Visit Target Field in Minneapolis for a Twins game and you will be greeted by a 46-foot high neon sign of the club's original logo; the two mammoth twins Minnie and Paul, eternally shaking hands while spanning the Mississippi River. Minnie and Paul (of course) represent the great Twin Cities of Minneapolis and St. Paul and they will literally loom large over the 2014 All Star Game at Target Field.
The logo, in one form or another, has been a franchise fixture for much of its time in Minnesota since they first moved from Washington DC in 1961. The emblem made its debut on the day the franchise was designated as the "Twins," November 26, 1960.
The American League formally approved the move of the Washington Senators to Minnesota on October 26, 1960. The initial preference was for the club to be called the "Twin Cities Twins." Not wanting to favor either Minneapolis or St Paul, team owner Calvin Griffith ultimately compromised, settling on "Minnesota Twins," thus making the club the first MLB team to be named after a state. The legacy of this lives on in the Twins' headwear "TC," which has been a visual staple for the vast majority of the history of the franchise.
Illustrator Ray Barton (1930-2010) created the iconic image of two baseball players, shaking hands across a river late in 1960. Barton's obituaries indicate that the artist was told that this work was originally to be used only on paper cups for beverage concessions at Twins games at Metropolitan Stadium. Whatever the case, Griffith decided to turn the drawing into the team's official logo. Barton was paid $15 for his artwork.
Minnie and Paul originally sported identical "MTs" on their uniforms. This changed by opening day of the inaugural 1961 season to an "M" and a "STP."
The fortunes of the two twins have ebbed and flowed since that time—they were phased out in 1987 and were then revived as a sleeve patch for the team's 40th anniversary celebration in 2000. The club won two World Series without them, in 1987 and 1991. A revised version of the original logo returned to the club uniforms as a patch in 2002 and the twins have been embraced in a big way since the team moved into beautiful Target Field in 2010.
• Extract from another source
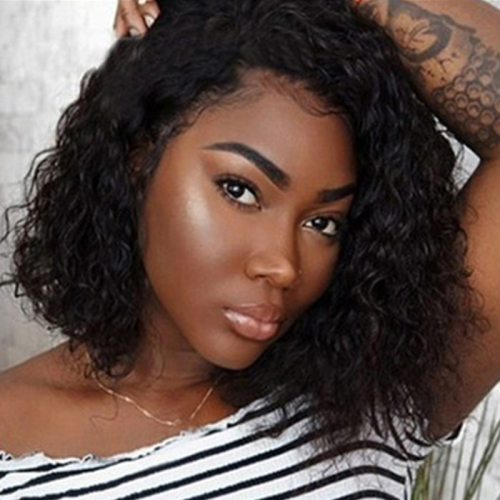 Black Fashion Short Curly Wig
Finally, when the club introduced their uniforms for that first season on January 17, 1961 the "Twins" script featured both a tail and letterforms that would never see the field of play. The jerseys were revised prior to the start of the regular season—that script wordmark was worn for every single game, both at home and on the road, from 1961 until 1986. The script was revived as an alternate uniform in 2009 and remains part of the club identity today.